I'm having an that I can simplify to the following situation in which I introduce a dataframe, I make a selection in a loop and make a new dataframe containing the subset of the old one that satisfy the conditions:

import pandas as pd
import intertools
g = ['M', 'M', 'F', 'F']
a = [20, 33, 20, 50]
Zip = [21202, 21018, 21202, 22222] 
d = [0, -3, 8]

parameters = (g, a)
names = ['gender', 'age']

df = pd.DataFrame({'age':a, 'gender':g, 'd':d, 'Zip':Zip})
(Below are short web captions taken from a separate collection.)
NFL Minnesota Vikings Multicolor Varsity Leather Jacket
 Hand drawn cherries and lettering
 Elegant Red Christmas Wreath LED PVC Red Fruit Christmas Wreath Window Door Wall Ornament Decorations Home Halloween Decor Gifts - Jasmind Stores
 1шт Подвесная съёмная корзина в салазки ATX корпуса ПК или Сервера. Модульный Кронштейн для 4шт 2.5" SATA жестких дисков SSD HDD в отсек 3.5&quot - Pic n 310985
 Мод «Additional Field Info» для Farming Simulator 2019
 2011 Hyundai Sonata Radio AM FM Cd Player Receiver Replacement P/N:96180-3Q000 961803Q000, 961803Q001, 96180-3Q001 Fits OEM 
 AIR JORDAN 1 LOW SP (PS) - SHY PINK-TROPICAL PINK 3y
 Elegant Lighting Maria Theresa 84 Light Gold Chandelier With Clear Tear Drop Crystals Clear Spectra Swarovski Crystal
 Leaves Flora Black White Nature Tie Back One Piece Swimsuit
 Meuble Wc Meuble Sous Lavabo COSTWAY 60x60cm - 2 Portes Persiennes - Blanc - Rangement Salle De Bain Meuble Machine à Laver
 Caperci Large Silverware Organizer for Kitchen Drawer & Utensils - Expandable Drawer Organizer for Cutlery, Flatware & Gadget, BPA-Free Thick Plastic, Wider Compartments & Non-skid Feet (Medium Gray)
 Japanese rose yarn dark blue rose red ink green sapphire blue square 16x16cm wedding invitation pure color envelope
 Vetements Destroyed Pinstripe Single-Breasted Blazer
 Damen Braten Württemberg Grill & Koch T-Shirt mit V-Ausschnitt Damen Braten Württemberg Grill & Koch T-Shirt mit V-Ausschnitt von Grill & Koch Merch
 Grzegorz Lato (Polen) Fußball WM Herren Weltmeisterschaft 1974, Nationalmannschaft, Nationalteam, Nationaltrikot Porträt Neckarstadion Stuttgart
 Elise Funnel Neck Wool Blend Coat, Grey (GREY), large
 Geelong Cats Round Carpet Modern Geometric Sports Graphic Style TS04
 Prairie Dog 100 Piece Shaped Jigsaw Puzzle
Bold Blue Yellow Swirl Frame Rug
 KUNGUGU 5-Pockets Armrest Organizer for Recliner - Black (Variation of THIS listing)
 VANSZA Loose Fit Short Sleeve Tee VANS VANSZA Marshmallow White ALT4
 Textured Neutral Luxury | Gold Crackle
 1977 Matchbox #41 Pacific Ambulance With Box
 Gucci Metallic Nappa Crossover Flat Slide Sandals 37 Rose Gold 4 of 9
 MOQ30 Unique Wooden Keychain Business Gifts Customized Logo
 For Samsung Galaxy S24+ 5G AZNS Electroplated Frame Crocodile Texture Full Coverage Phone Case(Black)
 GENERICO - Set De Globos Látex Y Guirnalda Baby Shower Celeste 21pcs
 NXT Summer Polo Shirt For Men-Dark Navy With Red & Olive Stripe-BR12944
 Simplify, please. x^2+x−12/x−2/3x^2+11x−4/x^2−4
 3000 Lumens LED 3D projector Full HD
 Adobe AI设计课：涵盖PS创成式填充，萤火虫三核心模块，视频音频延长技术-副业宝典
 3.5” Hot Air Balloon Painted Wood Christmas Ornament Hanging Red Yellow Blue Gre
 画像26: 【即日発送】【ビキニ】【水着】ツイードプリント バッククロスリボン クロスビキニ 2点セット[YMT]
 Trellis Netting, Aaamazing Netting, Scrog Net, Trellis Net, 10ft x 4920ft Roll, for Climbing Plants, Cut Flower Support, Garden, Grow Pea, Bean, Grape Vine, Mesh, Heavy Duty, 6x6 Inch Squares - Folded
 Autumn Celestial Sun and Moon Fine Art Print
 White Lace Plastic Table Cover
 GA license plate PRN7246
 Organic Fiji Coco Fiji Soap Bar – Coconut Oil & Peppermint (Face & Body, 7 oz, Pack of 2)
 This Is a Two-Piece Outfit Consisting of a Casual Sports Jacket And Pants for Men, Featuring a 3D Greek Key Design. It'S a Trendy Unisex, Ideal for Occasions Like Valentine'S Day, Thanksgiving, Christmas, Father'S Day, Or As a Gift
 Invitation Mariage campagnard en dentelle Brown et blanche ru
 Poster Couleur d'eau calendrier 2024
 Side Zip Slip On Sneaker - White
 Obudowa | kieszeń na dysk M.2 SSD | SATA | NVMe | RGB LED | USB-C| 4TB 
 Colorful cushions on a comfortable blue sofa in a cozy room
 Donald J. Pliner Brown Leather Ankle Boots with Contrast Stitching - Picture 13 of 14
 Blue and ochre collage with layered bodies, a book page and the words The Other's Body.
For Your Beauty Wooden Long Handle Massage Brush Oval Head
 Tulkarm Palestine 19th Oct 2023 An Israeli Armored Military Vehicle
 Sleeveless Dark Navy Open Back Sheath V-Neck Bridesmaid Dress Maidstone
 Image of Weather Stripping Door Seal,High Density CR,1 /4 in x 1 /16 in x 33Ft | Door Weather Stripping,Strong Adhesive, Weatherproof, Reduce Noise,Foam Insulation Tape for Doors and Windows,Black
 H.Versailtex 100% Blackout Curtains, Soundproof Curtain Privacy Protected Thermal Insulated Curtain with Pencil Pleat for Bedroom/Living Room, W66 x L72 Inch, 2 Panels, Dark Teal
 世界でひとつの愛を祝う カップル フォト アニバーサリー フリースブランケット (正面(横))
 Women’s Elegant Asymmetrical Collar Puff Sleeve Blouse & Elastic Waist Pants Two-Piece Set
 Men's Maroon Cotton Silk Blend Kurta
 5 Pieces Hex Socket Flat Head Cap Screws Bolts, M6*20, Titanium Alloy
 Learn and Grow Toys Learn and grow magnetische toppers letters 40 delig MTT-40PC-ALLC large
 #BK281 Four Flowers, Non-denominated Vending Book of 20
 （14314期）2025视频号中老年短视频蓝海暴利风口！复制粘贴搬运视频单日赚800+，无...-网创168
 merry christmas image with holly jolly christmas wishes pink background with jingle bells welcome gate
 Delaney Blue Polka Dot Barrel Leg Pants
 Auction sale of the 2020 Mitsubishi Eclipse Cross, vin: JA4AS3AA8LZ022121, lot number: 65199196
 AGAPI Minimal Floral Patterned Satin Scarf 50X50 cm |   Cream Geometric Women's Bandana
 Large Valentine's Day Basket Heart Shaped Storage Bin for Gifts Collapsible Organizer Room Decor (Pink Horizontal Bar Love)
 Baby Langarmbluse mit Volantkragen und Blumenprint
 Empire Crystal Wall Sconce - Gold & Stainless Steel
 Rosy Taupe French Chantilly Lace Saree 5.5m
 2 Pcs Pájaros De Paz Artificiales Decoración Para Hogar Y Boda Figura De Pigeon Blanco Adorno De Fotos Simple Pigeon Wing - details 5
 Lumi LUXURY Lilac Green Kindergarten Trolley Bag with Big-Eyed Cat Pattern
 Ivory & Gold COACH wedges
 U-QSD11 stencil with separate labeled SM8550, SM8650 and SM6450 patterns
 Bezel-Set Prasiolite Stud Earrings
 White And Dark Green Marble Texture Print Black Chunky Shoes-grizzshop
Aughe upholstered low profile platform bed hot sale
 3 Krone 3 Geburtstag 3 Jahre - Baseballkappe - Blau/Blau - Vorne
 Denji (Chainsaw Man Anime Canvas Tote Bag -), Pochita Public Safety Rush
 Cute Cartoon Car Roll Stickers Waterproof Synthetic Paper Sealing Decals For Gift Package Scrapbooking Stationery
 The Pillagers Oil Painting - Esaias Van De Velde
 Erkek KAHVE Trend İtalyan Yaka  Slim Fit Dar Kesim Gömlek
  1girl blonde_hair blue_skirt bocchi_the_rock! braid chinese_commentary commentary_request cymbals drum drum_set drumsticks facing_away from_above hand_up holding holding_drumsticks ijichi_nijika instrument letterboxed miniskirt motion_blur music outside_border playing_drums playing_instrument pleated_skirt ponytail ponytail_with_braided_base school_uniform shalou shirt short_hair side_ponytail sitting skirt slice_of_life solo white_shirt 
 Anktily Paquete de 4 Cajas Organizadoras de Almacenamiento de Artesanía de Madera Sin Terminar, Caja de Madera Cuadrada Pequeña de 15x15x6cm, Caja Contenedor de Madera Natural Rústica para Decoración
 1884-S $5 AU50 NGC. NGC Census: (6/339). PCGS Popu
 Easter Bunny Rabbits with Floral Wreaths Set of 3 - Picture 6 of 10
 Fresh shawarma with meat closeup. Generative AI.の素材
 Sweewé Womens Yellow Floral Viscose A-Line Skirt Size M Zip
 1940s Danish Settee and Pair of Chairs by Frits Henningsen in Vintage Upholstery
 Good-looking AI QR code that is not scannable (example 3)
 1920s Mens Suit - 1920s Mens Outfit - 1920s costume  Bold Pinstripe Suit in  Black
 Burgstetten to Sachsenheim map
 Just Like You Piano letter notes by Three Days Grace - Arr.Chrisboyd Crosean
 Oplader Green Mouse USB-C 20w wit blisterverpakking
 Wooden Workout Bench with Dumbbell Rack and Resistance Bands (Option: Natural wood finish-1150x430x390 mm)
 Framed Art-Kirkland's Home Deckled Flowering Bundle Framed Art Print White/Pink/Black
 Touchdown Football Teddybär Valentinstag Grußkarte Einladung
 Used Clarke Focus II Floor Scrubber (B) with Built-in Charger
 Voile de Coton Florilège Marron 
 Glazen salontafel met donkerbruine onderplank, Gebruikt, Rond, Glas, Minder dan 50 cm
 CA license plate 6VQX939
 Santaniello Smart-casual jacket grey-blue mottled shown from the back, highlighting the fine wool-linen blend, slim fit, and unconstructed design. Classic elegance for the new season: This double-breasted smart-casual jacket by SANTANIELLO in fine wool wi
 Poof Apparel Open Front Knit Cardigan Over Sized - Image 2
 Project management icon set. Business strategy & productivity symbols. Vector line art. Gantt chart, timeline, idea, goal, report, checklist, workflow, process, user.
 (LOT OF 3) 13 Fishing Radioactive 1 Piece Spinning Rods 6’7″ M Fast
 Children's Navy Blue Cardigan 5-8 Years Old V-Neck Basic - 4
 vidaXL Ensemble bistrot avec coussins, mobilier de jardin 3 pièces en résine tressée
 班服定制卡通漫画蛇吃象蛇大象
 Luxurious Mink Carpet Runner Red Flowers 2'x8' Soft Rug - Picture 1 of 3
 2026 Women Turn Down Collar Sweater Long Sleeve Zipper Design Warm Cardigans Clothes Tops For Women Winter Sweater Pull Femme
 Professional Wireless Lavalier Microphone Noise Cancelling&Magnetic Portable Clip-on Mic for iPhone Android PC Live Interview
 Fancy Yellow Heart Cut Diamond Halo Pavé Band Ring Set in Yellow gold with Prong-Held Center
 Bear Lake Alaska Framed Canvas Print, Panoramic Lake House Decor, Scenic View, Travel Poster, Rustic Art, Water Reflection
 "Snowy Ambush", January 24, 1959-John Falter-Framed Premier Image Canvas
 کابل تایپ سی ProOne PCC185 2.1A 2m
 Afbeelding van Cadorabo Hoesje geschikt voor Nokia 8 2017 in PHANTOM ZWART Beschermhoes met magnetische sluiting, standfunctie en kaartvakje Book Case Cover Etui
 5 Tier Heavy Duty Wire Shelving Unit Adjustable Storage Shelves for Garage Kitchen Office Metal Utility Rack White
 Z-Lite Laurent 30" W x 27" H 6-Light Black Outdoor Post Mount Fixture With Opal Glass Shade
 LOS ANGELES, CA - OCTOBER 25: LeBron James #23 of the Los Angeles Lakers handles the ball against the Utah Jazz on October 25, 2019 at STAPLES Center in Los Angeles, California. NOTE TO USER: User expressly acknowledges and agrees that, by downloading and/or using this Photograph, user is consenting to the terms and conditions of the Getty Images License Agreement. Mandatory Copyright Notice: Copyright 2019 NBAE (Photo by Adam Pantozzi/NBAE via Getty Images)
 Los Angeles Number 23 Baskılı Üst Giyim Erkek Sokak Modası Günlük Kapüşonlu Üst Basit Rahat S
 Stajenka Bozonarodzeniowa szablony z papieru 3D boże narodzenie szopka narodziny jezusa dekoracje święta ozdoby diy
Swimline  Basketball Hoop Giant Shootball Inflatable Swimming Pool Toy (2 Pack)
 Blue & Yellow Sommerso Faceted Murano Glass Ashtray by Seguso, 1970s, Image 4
for values in itertools.product(*parameters):
    thesevalues = ((df[names[0]] == values[0]) & (df[names[1]] == values[1]]))
    subdf = df[thesevalues]

Works just fine, but what if I want to also include the zip codes in the parameters, with the names. I would also have to manually introduce a third selection criterium in "thesevalues". I am probably overlooking the functionality to make this list of parameters that I want in that criterium to adapt to the list of parameters? A loop seems like a bad option... Is there another way? Thanks!

Marcel
  • 185
  • 1
  • 1
  • 7
  • your code does not really makes sense since you will subset ...all your dataframe by iterating on all combinations ... – Colonel Beauvel Aug 16 '16 at 09:45
  • Your code does not work. – ayhan Aug 16 '16 at 09:47
  • Yeah the code works and this is just a small sample as an example, in reality, many lines will be selected with one combination of parameters and I then need to add up one column that is not part of the selection. – Marcel Aug 16 '16 at 15:47

1 Answers1

0

IIUC you need numpy.logical_and:

parameters = (g, a, Zip)
names = ['gender', 'age', 'Zip']

df = pd.DataFrame({'age':a, 'gender':g, 'd':d, 'Zip':Zip})
print (df)

for values in product(*parameters):
    #http://stackoverflow.com/a/20528566/2901002
    thesevalues = np.logical_and.reduce([df[names[x]] == values[x] for x in range(len(parameters))])
    subdf = df[thesevalues]
    print (subdf)
jezrael
  • 822,522
  • 95
  • 1,334
  • 1,252